A crowd favourite was when, following a bracing ensemble number, just the men are left on stage wearing an assortment of tops and tie-up trousers. They all face the audience and strip off their tops. The women in the audience went nuts and we all cheered. Then they started to loosen the ties on their trousers, the whole audience gasped, and many started a deafening cheer.
Just then a female Flamenco dancer started in from stage right, all taught angles, quivering curves, a costume as red as if a vat of lip gloss had been dumped on her (and as figure hugging, too) and a severe glint in her eye. As she moved across the stage in that staccato fashion unique to Flamenco, the men preened, then shrugged and then, resigned, simply picked up their kit and slunk off the stage.
The moment was precious, and the audience was but putty in their hands after that.

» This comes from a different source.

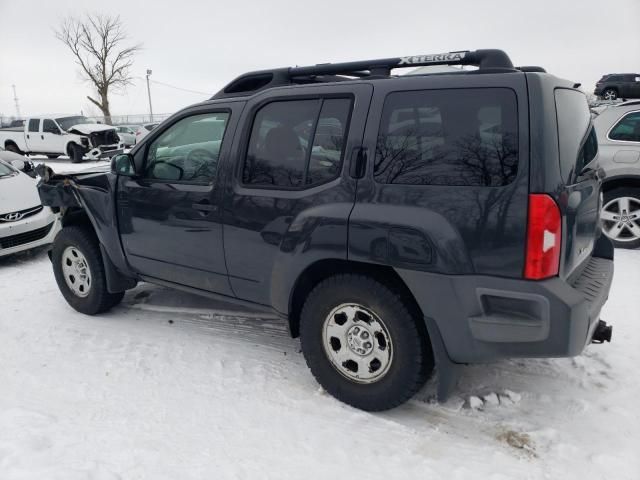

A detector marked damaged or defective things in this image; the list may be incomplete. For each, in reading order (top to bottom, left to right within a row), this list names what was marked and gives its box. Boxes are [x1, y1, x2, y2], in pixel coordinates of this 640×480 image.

The show nearly broke my heart when the band started into Guantanamera, that most Cuban of all songs. I cannot help myself, whenever I hear this song I am transported to a little Mexican restaurant I visited many, many years ago with X and her mum N. N loved Cuba, and when the mariachi’s band came by X asked if they could play it. They launched into a serviceable rendition, an N started to cry for her love of Cuba. It was a touching, and to me eternally precious, moment, and now whenever I hear that song I start to tear up at my love for N and for her love of Cuba. Oh what a tangled web…
The show ended with the entire audience brought to their feet and trying to dance along with the crew on stage. My seat mate, Carolina, (a Polish immigrant, by way of Australia) a salsa dancer, put me to shame as I just did the white-guy-shuffle and tried to keep in time.
So, the other news… I have already reported twice on the little constitutional crisis brewing over here. Well, it would be one if the Brits really had a constitution like the US does. At the root of the current mess are two separate scandals, which are coming to fruition simultaneously. The first is the peerage “laws for pay” scandal. This actually dates back to my last visit here, in early spring of 2008. In this one, members of the House of Lords, the upper chamber of parliament (think Senate) were found to be dispensing favours for money – aka taking bribes. Two peers have been found guilty, finally, and have had their privileges suspended pending further action. This is remarkable in that it hasn’t happened in over 300 years, dating back to the era of Britain’s civil war (yes, they had one too).
The second is the continuing Exes scandal, in which members of the House of Commons (MPs) have been exposed as having exploited rules which allow them to recoup various expenses associated with maintaining multiple households so as to attend parliament. This has now claimed several members of all the major parties, including senior aides and ministers, and has lead to calls for wholesale reform of the entire electoral system. Yesterday it took its biggest toll, the resignation of the Speaker of the House of Commons. Though widely expected, and called for, this act, again for the first time in more than 300 years, has set the entire government, majority and opposition alike, on their arse and made them think about just how quickly they are racing towards the abyss of writing themselves out of governance and into history.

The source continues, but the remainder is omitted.